I nodded and wished that everyone would leave immediately. I caught another glimpse of the body as Xan carried me out. How cold she looked. I wanted to give her a blanket or something. Then I saw something else I immediately reminded myself to remember for later—it may have interested Holmes, after all. Kuka and Imily were sitting on my desk on the other side of the room, free of bloodstains and definitely not where I had left them. I could only catch a glimpse of them however, before we stumbled further down the corridor to Art’s room.
Art was elsewhere, probably riding a horse or something, and I was disappointed, because I’d have loved to see the expression on his face if he had to deal with me covered in blood again. Xanatos put me down on the bed and went into the adjoining chamber. I lay down and thought of nothing in particular for a few moments, before I suddenly remembered that I was covered in the blood of a dead girl.
Then it struck me—why had the killer left her in my bed?
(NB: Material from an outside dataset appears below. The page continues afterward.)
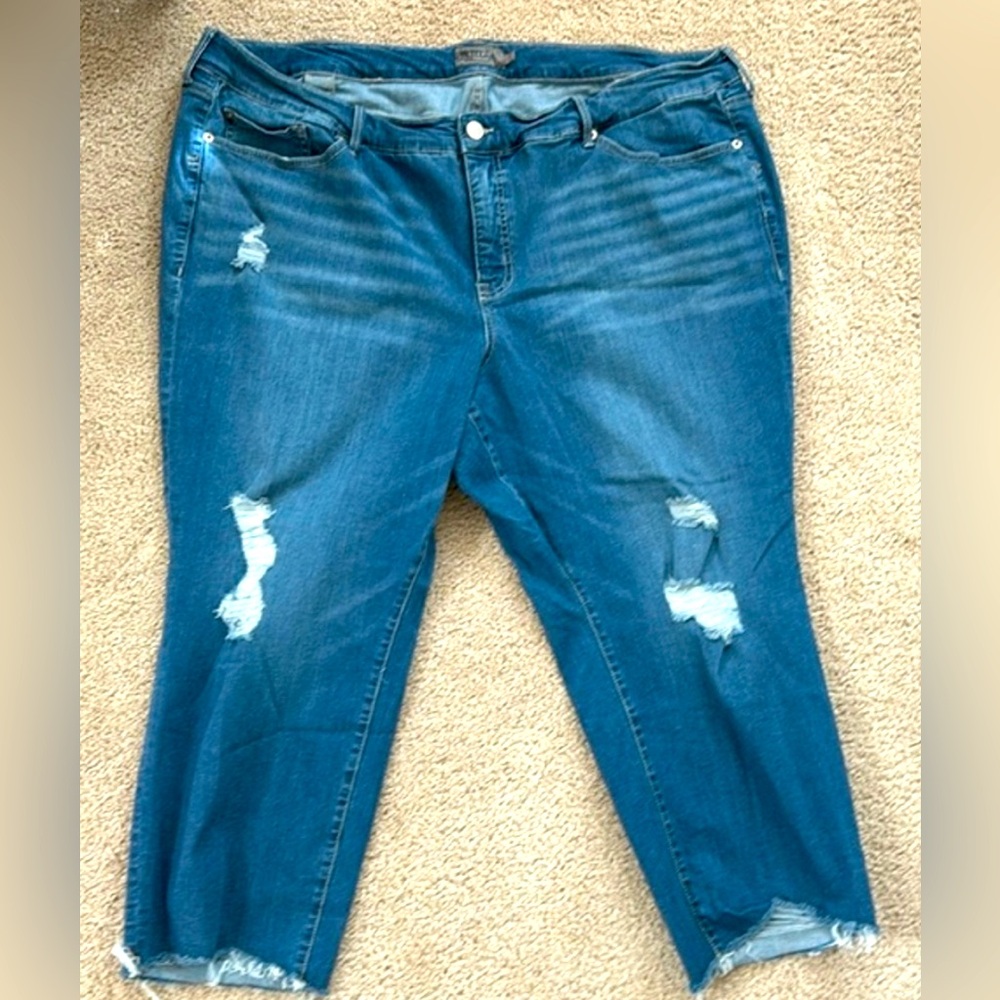 🌺 TORRID Womens Size 26S Cropped‎ Blue Jeans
This was the second time he’d shown a strange sort of interest in me and I couldn’t understand it. I found myself very interesting, but everyone else either pretended I didn’t exist or pretended I was someone else (except on certain occasions of course). Had he just picked me at random?
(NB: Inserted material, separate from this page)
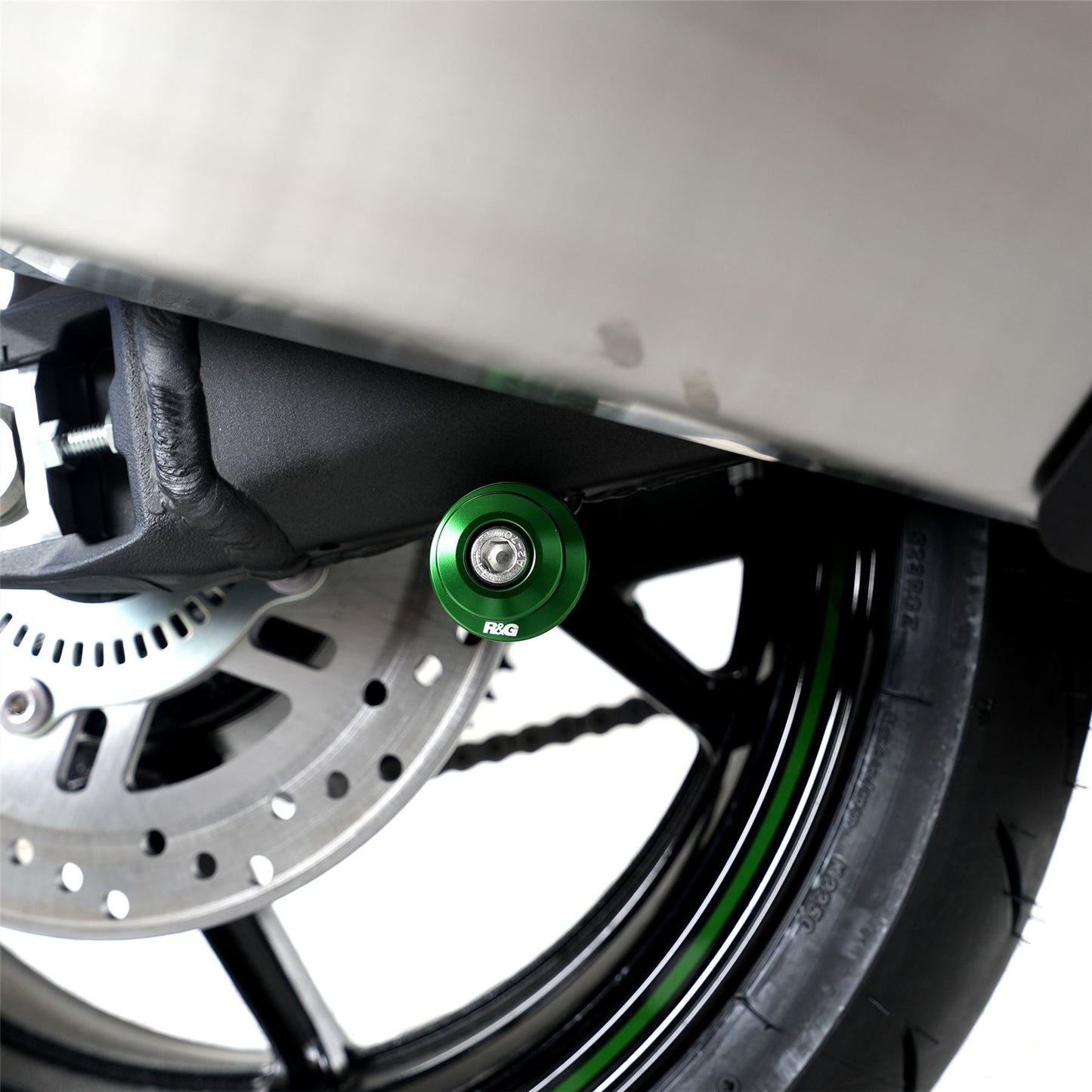 M8 Paddock Stand Bobbins for Kawasaki Ninja 1000SX '20- '24,1100SX '25-, Z900RS '21- '24, Z650RS '21- '24 & BMW S1000R '21- / Sport/  M Sport '21- '24, M1000RR '21- '24 & M1000R '23-'24 Colour: Black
Or was he genuinely paying me attention?
I was somewhat excited at the prospect. I didn’t like a lot of attention from other people, which was fortunate because I didn’t get much, but sometimes I did feel momentarily…left out. I would much rather be left alone, and could see myself living perfectly well without any sort of human company (provided someone left me some food once and a while) and yet this prospective interest our killer had in me of all people was in turn of interest to me.
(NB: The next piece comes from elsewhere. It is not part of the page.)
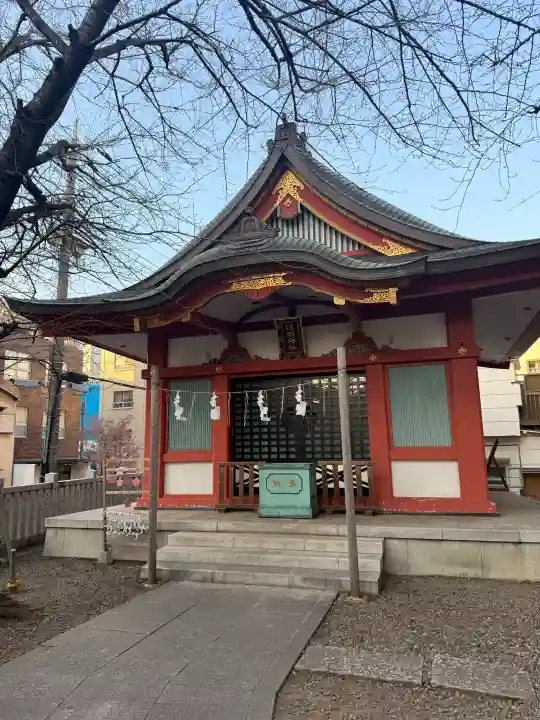浅草富士浅間神社の{uncategorized: "未分類", other: "その他", undefined: "問題あり", building: "その他建物", grave: "お墓", sacred_gate: "鳥居", guardian: "狛犬", statue: "像", buddha: "仏像", history: "歴史", nature: "自然", garden: "庭園", animal: "動物", pagoda: "塔", temizu: "手水舎", mountain_gate: "山門・神門", sanctuary: "本殿・本堂", subordinate: "末社・摂社", art: "芸術", scenery: "景色", jizo: "地蔵", ema: "絵馬", goshuin: "御朱印", omikuji: "おみくじ", items: "授与品その他", amulet: "お守り", goshuincho: "御朱印帳", eats: "食事", festival: "お祭り", votive_dance: "神楽", shichigosan: "七五三参", wedding: "結婚式", experience: "体験その他", initially: "初詣", around: "周辺", anti_infection: "感染症対策"}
It was flattering, of all things, and not in a sycophantic way like the people I saw or imagined I saw in Hell, but something far more subtle than that. But I felt I’d probably got it completely wrong and he wasn’t interested in me at all—after all I didn’t conform to his preferred type of victim and I wasn’t part of the force assembled to catch him. One would think he was far more interested in Holmes, his arch-nemesis or whatever he saw the detective as. I knew that Holmes was certainly focussed on him.
And me? Well, this whole time I’d mostly been thinking about myself and my own idiosyncrasies. Even now I was self-analysing, wondering what it was in me that he could possibly find interesting rather than what it was in him that could be interested in me.
I hadn’t really given him the thought he was due, just compared him with myself, used him as a way to try and further understand myself, never tried to understand him because I had never been able to understand anyone. Perhaps he was trying to attract my attention. So who was he? He didn’t think or act like normal people, that was clear enough, and neither did he think or act like me.
Category One: Normal People. Category Two: Me. Category Three: Murderers. No, some normal people could be murderers as well. Evil? Well, for lack of a better word I supposed, even if it did not exactly describe this person. But evil was supposed to be hated, if one was ‘good’ or mostly good, and loved if one was ‘evil’, and vice versa. I couldn’t seem to feel either about either, as I had explained to the vision of Lucifer, though I could usually tell the difference—the difference according to society as a whole, I realised.
Seeing as how I didn’t seem to feel either of them, they probably didn’t exist for me. But the murderer had to be termed something, and as Holmes insisted he was not insane, I had no other recourse but to call him evil. Evil was simply not necessarily a negative element to me, merely a different one. Had I contradicted myself? Did I say earlier I preferred good, or something to that effect? Hmm…I suppose I could still prefer good and not have an all-out hatred of evil.
An evil person, the first I’d ever come across. How to quantify him, was the question. Perhaps I was the first un-normal person he’d ever come across too, and that was why he was interested in me?